◆ **The problem**
Exactly the lines from the one holding "Interrupteur de leve" through the end of the material below must be printed, nothing more, and the pictures must be dropped.

◆ **Input data**
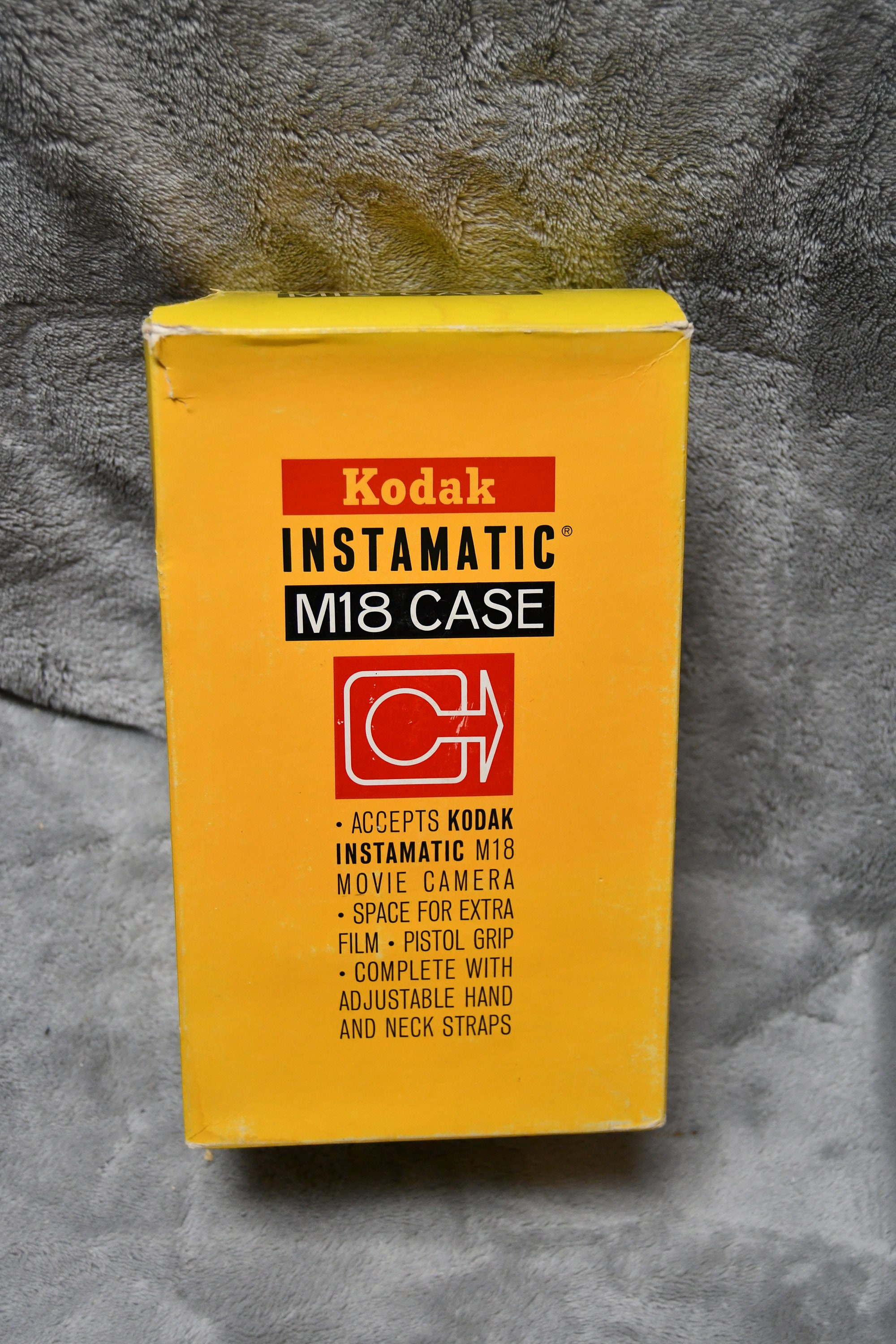 Vintage Kodak Instamatic Movie Field Case Model Number D141C in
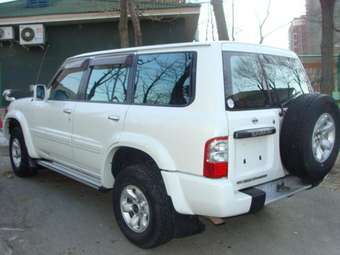 1998 Nissan Safari Pictures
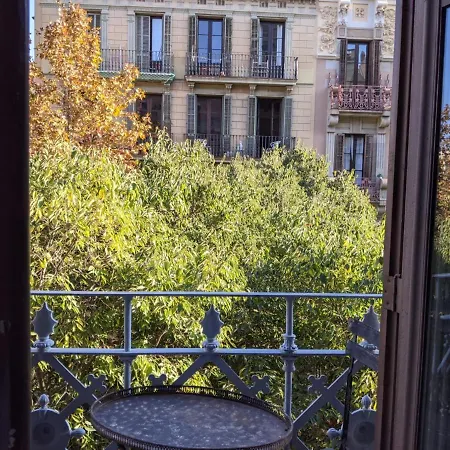 Period Luxury Apartment In Barcelona Prime Location With Street View דירה ברצלונה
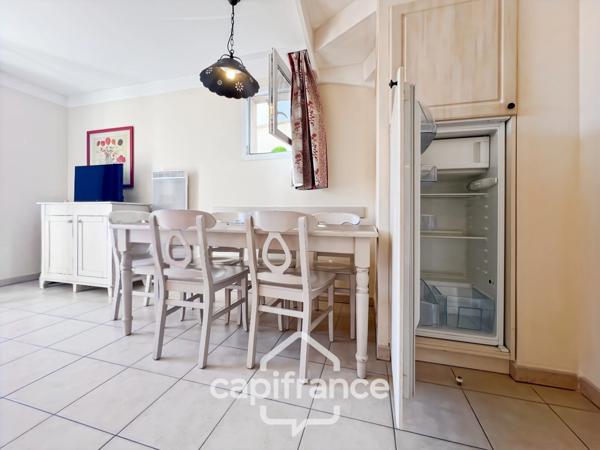 DOMAINE DE PONT ROYAL, maison de 45 m2, élevée d'un étage, 2 vraies chambres, mitoyenne d'un seul côté, piscine privative, emplacement pour véhicule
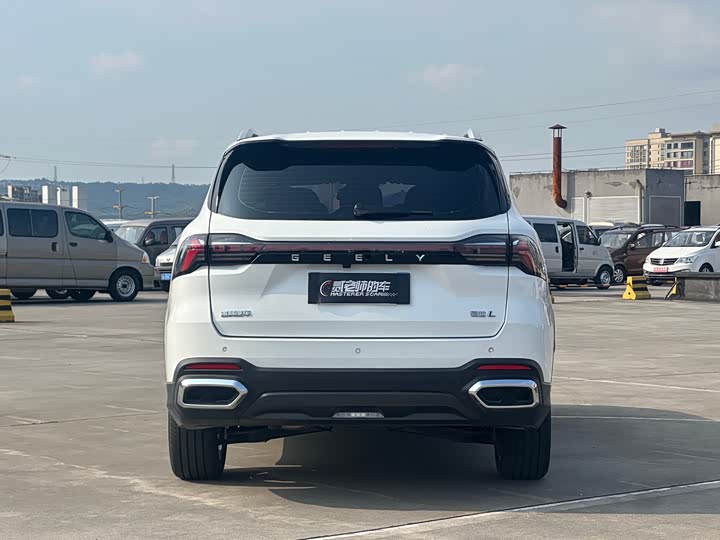 2026 Geely Okavango L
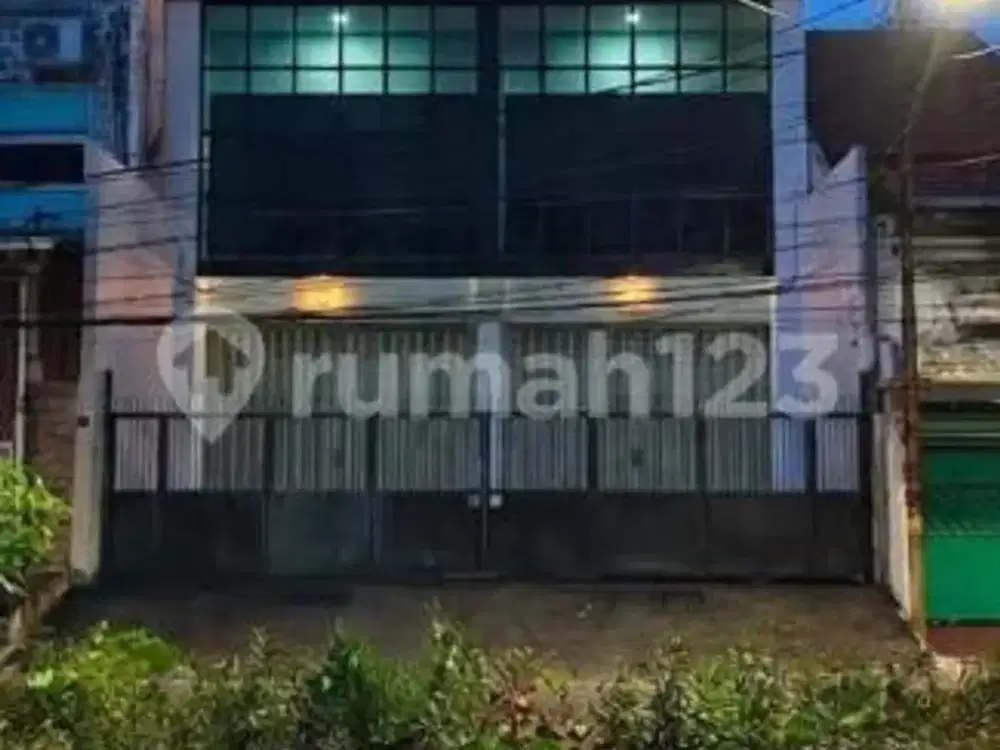Siap Huni, Ruko, 3 Lantai, SHM, Dekat Fasilitas Kesehatan, Bebas Banjir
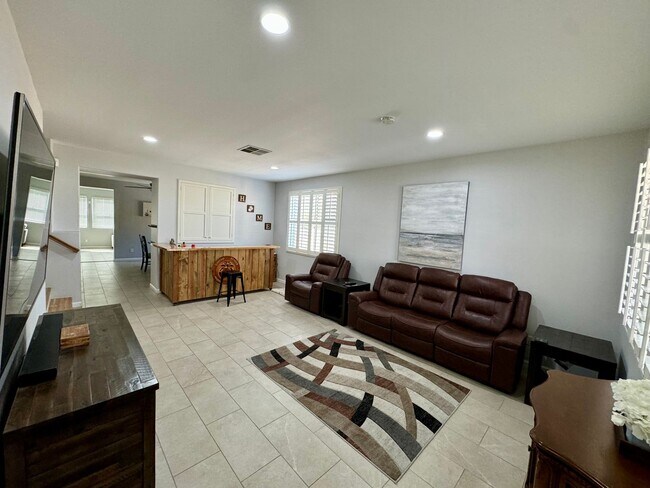 Foto del edificio - Gorgeous 6 bedroom home
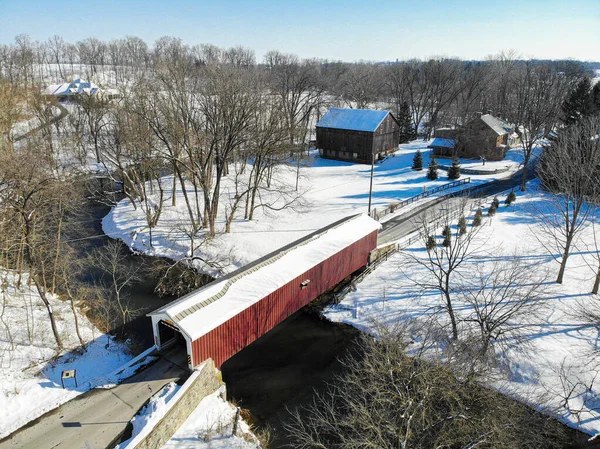 宾夕法尼亚兰开斯特美丽的亚米什族农村的内夫磨坊覆盖桥 图库图片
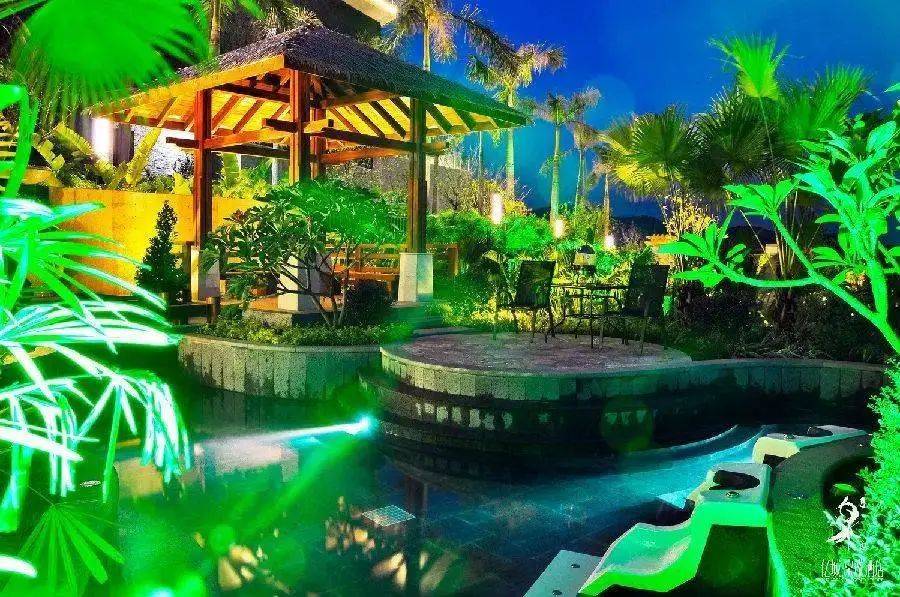 五星半山悬崖泳池看日落~20 浪漫星空温泉池无限泡!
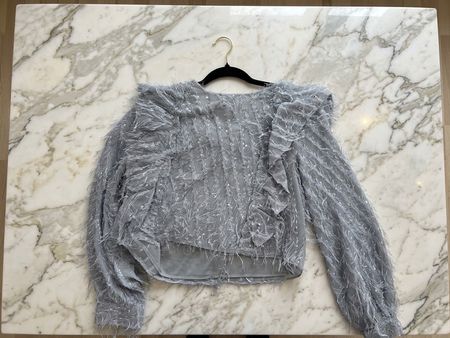 ZARA Elegante Bluse mit Fransendetails & Pailletten – Gr. M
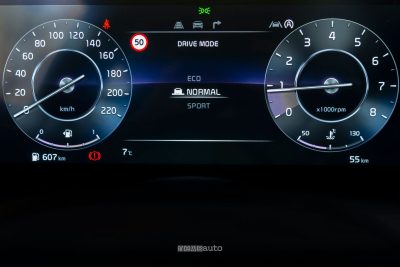 Kia Stonic 2026 info modalità di guida display quadro strumenti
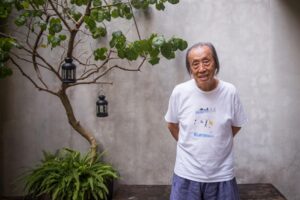 走过90年岁月，仍保有9岁稚子童心！诗人管管带着初心玩乐人生，面对年龄坦然无惧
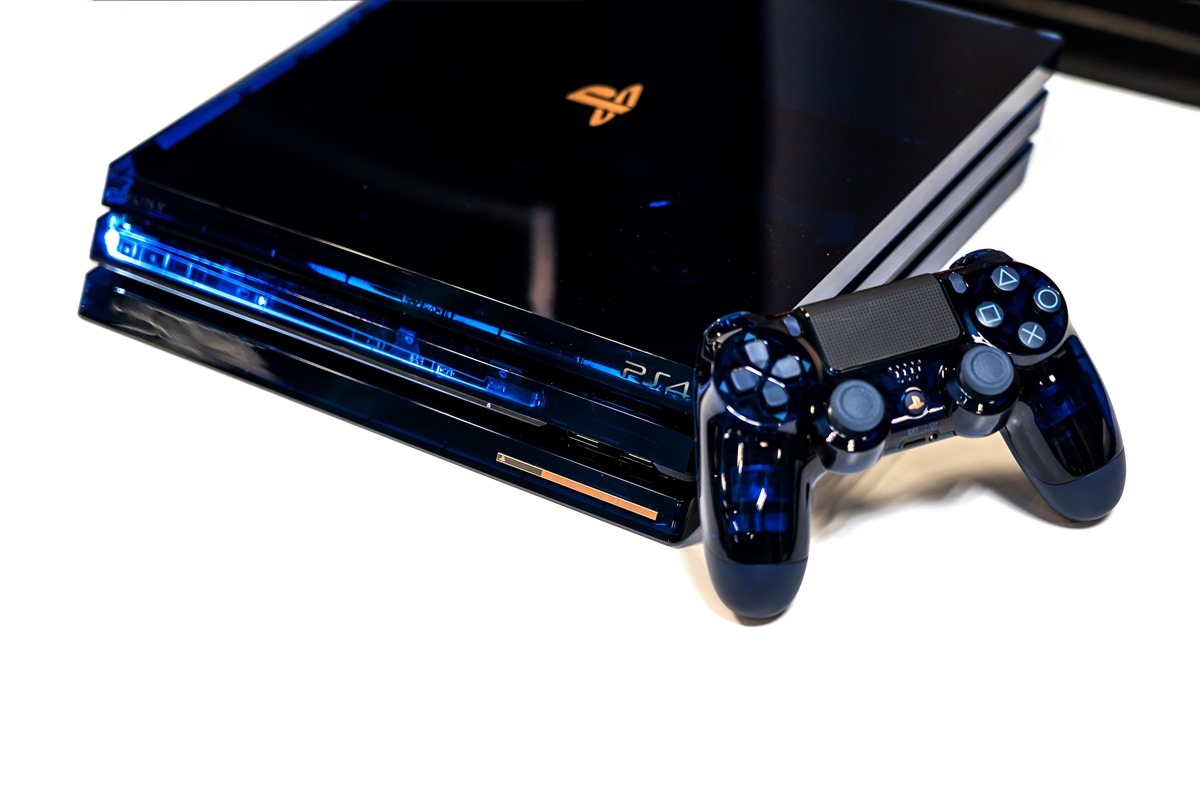 開箱分享] PlayStation 4 Pro 500 Million Limited Edition 限量款主機 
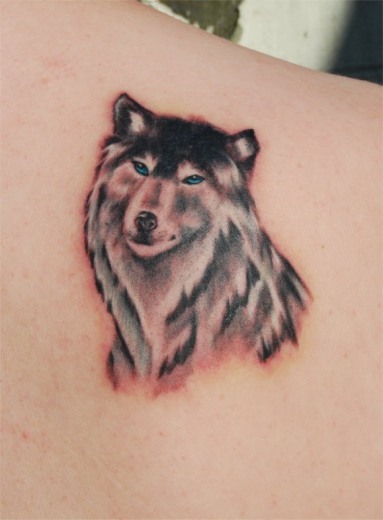 Shoulder Wolf Tattoo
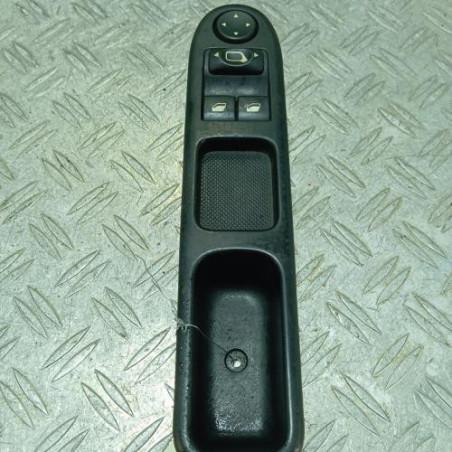 Interrupteur de leve vitre avant gauche PEUGEOT 307 Photo n°1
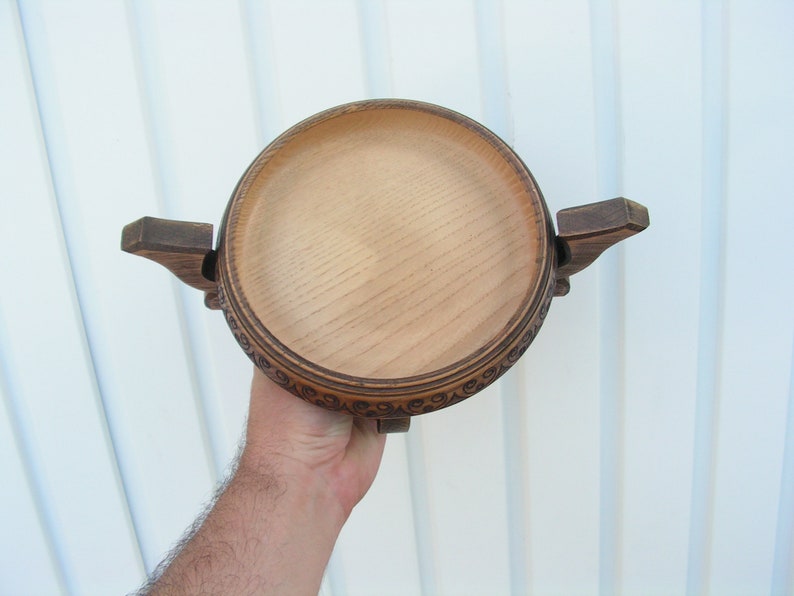 Vintage wooden bowl with stand Handmade wood bowl with legs Country wood bowl Fruit bowl Hand carved bowl Old dough bowl Rural house decor image 5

◆ **Solution for this problem**
 Interrupteur de leve vitre avant gauche PEUGEOT 307 Photo n°1
 Vintage wooden bowl with stand Handmade wood bowl with legs Country wood bowl Fruit bowl Hand carved bowl Old dough bowl Rural house decor image 5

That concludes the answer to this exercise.